Le président d’AAEZ sait de quoi il  en retourne. Il sait que la dépendance d’une économie basée sur l’agriculture consomme près de 85% des eaux souterraines et superficielles. Une réalité confirmée par des statistiques officielles qui ont révélé que 400 millions de m3 des réserves en eaux superficielles du bassin du Draâ sont entièrement destinées  à l’irrigation de 26.000 ha et 88% des ressources d’eaux souterraines estimées à 100 millions de m3 sont dédiées à l’irrigation et seulement 12% à la distribution de l’eau potable. 
Les mêmes statistiques ont révélé que les besoins en eau dans le bassin du Draâ étaient estimés à 617 millions de m3 en 2010 et pourraient atteindre 642 millions de m3 en 2020 dont  610 millions de m3  destinés à l'agriculture et 32 millions de m3 à l'eau potable. 
Une situation appelée à s’aggraver davantage vu la pollution due au rejet des déchets solides et liquides dans l'espace écologique et les quatre millions de tonnes de déchets toxiques rejetés par la mine de Blida. «Le réseau d'assainissement liquide se déverse dans l'oued Draâ à 150 m seulement du réservoir d'eau potable de la ville.
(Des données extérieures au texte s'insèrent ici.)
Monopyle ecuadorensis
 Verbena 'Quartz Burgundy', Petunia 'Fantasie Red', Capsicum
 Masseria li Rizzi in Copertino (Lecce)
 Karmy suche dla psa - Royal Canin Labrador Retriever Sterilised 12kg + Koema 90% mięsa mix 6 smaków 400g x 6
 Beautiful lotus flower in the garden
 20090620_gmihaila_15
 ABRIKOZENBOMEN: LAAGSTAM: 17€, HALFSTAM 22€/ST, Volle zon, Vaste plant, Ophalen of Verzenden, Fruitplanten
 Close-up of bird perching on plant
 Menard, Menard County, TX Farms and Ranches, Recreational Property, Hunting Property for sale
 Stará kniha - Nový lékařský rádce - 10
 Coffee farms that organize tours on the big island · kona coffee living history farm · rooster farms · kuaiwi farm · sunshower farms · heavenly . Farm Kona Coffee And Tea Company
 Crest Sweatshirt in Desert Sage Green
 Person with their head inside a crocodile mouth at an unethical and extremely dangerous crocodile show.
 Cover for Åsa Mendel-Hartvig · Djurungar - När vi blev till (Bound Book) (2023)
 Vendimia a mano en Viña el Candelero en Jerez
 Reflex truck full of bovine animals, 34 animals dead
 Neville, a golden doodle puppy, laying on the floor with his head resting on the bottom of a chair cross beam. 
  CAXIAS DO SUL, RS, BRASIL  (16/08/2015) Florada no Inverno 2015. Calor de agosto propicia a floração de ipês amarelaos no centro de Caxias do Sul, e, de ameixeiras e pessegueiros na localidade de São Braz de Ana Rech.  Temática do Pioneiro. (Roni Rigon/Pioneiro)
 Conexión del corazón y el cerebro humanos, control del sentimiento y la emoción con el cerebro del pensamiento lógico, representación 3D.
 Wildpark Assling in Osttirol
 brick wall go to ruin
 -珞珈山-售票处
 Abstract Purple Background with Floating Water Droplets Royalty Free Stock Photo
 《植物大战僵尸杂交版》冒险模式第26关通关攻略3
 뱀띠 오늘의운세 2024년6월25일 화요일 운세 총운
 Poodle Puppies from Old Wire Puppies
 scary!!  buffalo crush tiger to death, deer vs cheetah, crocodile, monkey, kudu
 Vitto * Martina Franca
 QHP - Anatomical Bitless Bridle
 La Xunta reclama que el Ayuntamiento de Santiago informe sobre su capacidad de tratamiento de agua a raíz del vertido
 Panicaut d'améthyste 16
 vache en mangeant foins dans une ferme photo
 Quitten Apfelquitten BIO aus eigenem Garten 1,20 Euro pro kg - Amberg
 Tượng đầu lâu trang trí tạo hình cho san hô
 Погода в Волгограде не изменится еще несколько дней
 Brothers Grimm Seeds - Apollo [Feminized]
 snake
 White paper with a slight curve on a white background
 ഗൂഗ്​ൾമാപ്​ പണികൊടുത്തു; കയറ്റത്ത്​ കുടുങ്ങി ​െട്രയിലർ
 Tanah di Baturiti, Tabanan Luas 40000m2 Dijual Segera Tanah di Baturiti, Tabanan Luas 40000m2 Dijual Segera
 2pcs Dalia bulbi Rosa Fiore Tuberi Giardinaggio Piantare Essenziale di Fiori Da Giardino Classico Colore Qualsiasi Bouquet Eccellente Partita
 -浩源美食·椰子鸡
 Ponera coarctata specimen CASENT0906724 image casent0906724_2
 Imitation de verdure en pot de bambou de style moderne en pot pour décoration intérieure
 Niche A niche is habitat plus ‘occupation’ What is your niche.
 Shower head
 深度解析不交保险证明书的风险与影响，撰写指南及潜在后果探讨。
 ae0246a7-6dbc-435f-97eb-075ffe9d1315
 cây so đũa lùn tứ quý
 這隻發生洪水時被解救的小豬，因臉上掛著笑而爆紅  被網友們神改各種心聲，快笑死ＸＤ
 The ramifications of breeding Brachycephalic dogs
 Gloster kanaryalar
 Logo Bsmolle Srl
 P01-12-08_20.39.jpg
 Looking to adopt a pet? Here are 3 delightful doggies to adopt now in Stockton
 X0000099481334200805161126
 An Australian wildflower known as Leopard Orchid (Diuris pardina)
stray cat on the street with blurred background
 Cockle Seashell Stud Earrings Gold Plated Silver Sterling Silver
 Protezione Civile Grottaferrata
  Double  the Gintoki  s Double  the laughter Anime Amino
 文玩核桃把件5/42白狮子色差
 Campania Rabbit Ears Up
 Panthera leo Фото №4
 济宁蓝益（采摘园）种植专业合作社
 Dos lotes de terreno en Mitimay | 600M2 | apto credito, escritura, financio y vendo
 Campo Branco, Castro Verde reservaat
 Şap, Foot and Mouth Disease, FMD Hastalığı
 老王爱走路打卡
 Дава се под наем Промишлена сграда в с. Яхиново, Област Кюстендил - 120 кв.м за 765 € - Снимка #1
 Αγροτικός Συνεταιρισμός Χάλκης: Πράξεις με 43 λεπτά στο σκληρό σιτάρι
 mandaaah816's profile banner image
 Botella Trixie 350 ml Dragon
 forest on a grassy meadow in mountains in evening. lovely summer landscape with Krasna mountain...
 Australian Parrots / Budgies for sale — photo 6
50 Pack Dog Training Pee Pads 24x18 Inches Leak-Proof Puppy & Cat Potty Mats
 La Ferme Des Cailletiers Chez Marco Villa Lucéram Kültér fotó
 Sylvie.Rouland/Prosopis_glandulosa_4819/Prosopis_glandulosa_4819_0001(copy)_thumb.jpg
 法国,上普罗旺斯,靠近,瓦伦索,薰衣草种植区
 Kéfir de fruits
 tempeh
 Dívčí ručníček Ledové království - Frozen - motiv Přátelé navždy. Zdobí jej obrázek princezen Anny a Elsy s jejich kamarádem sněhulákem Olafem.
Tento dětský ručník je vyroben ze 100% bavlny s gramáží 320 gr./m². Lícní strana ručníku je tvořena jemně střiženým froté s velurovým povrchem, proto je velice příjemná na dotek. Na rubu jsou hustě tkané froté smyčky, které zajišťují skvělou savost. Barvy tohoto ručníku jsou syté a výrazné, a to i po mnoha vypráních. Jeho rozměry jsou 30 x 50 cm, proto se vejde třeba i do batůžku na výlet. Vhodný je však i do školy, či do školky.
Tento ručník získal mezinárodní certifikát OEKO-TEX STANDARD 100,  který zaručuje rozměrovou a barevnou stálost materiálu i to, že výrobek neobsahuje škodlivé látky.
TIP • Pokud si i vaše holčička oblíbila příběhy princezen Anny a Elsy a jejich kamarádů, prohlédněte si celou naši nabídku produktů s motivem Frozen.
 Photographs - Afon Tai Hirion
C'est déplorable», a-t-il regretté. 
 Du côté des pouvoirs publics, c’est silence radio. Pour eux, cette culture a impulsé une dynamique économique et sociale dans la région. Elle a permis la création de milliers de postes d’emploi et l’entretien de centaines de familles. Une réalité que ne nient pas les écologistes de la région en estimant, néanmoins, que le prix en sera élevé.